There are no new_array or create_array functions that the user must call. All the user has to call to append a pointer onto the end of the array is rsarray_ins_tail(array, element), where element is the new pointer to be appended to array, which is of type struct rsarray_t*.

If array is NULL, then an array is created and returned with element as the first and only element of the array (which is why there is no need for an “array_create” function). If array is not NULL, then the element is appended to the array using realloc if there is not enough space to store another element. Usage is dead-easy:

struct rsarray_t *array;
int a =0, b = 1, c = 2;
array = rsarray_ins_tail (NULL, &a);
array = rsarray_ins_tail (array, &b);
array = rsarray_ins_tail (array, &c);
/* array now contains pointers to a, b and c */

You may not always want to store many references to the variable, though. For example, at this point in the code we may need to modify the values of a, b and c and we don’t want those modifications to take effect on the values already stored in the array. To this end, I provide a function rsa_dup, which will make a duplicate of any object passed to it (with the size of the object specified by the user). The above code can then be written as:

int a = 0, b = 1, c = 2;
array = rsarray_ins_tail (NULL, rsa_dup (&a, sizeof a));
array = rsarray_ins_tail (array, rsa_dup (&b, sizeof b));
array = rsarray_ins_tail (array, rsa_dup (&c, sizeof c));
/* array now contains copies of a, b and c */
a = 42; /* Element 0 of array is still 0 */
/* Change the value of b */
*(int *)array->array[1] = 43;

The above is still a little dirty. The duplication of the variable in the insertion is bound to lead to problems, and the verbose semantics of accessing an element (seen in the last line) is simply unreadable. They can both be fixed with macros:

/* unsafe macro, 'x' should not have side-effects */
#define RSA_INS_TAIL(a,x) \
   rsarray_ins_tail (a, rsa_dup (&x, sizeof x))
#define RSA_INDEX(a,i,t)   \
   *(t *)a->data[i]
...
int a = 0, b = 1, c = 2;
array = RSA_INS_TAIL (NULL, a);
array = RSA_INS_TAIL (array, b);
array = RSA_INS_TAIL (array, c);
/* array now contains copies of a, b and c */
a = 42; /* Element 0 of array is still 0 */
/* Access the second element i.e. array[1] */
RSA_INDEX (array, 1, int) = 43;

All well and good, how do we iterate? Easy, again.

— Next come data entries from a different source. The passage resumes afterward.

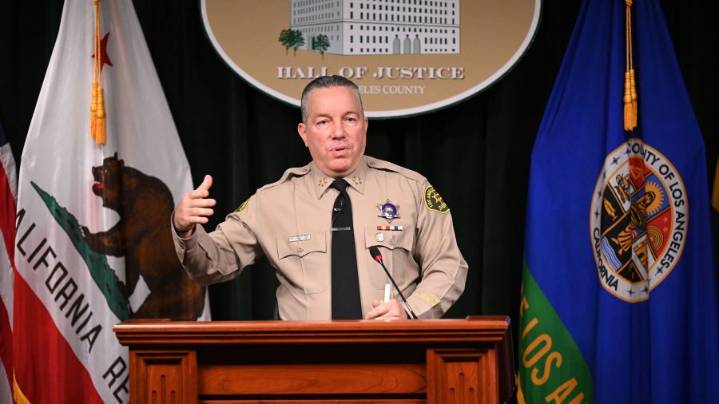 Deputies' organization backs Villanueva in 2026 race for sheriff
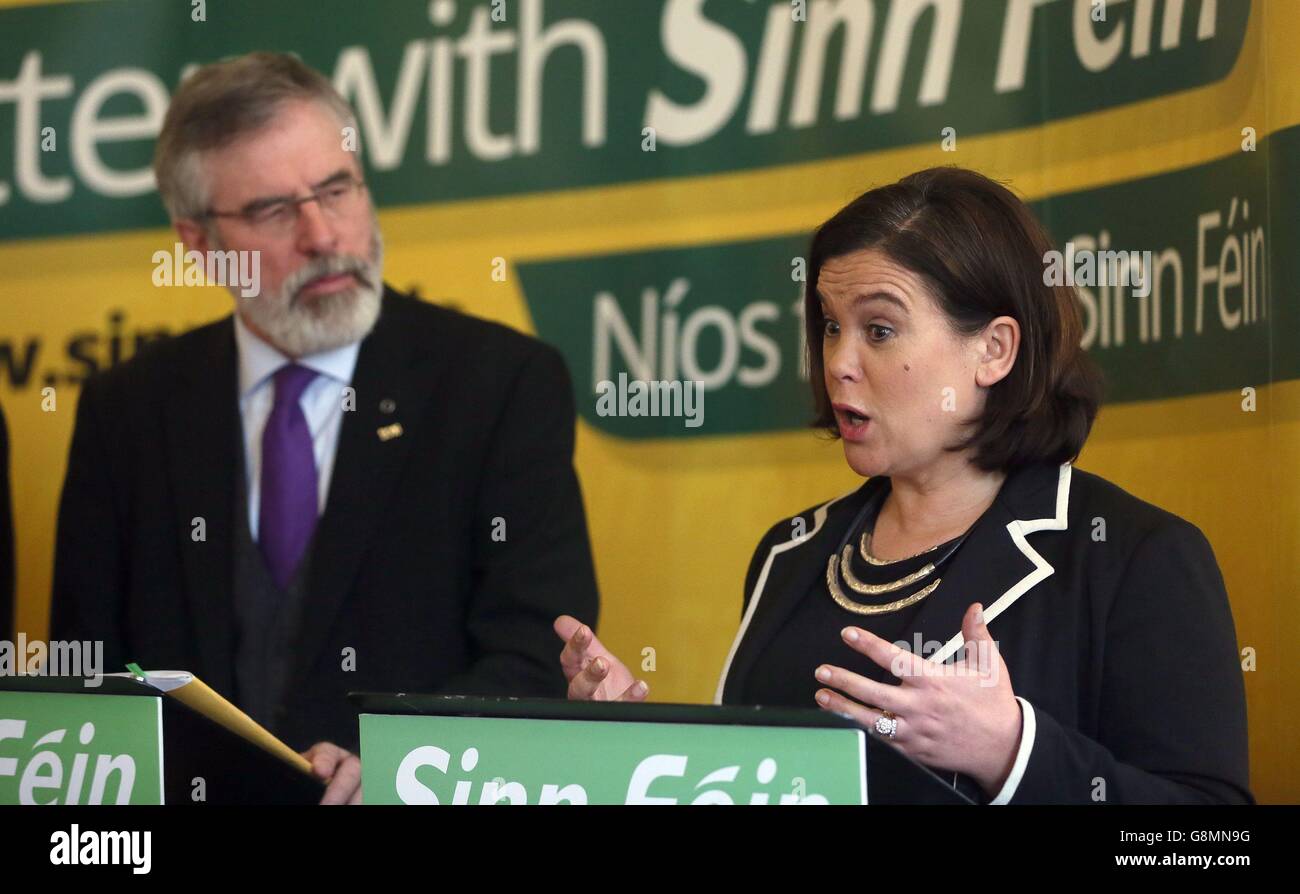 Sinn Fein's Gerry Adams und Mary Lou McDonald sprechen auf einer Pressekonferenz im Wynns Hotel in Dublin. Stockfoto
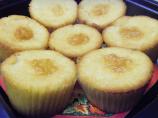 Divine Vanilla Cupcakes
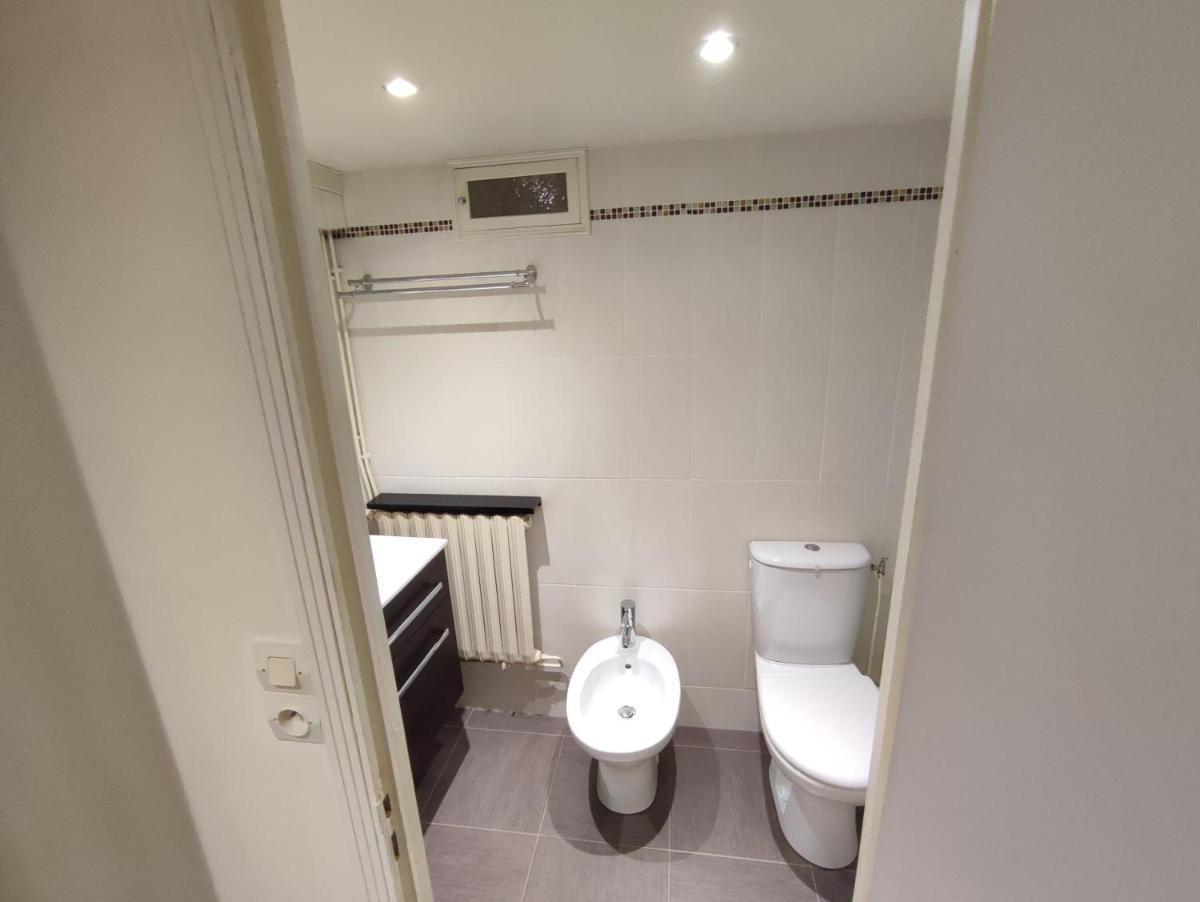 PARIS AUTHENTIC HOUSE Entier 1920's villa Métro Line 7 For Groups - Housity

/* unsafe macro, 'x' should not have side-effects */
#define RSA_INS_TAIL(a,x) \
   rsarray_ins_tail (a, rsa_dup (&x, sizeof x))
#define RSA_INDEX(a,i,t)   \
   *(t *)a->data[i]
#define RSA_LENGTH(a)    \
   a->used_len
...
struct rsarray_t *array = NULL;
int i;
/* Insert ten elements into array */
for (i=0; i<10; i++) {
   array = RSA_INS_TAIL (array, i);
}
/* Change all the values stored in the array */
for (i=0; i<RSA_LENGTH; i++) {
    RSA_INDEX (array, i, int) = 42 + i;
}

Freeing is as simple as freeing each element (because you are certain that there are no other references to it – the memory was allocated when we appended elements using rsa_dup, so no other code should be sharing the pointer), so we can simply iterate over the array and free each of the void*. In fact, since iteration over the array is a common occurrence, we can just go ahead and create a function to do it for us, so that we never have to write the actual loop:

void rsarray_iterate (rsarray_t *a, void (*f) (void *))
{
   size_t i;
   for (i=0; iused_len; i++) {
      f (a->data[i]);
   }
}
...
struct rsarray_t * array = NULL;
[... here we append to the array ...]
/* Now we free each element */
rsarray_iterate (array, free);
/* Free the array that held all the elements */
free (array->array);
/* Free the structure that held the array */
free (array);

Because this isn’t rare either, we can put the above 3 lines into a function call (for example) rsarray_free (). Of course, once you’ve got that, you can use the resizable array to implement a host of other data structures. You can download the code that does this over here.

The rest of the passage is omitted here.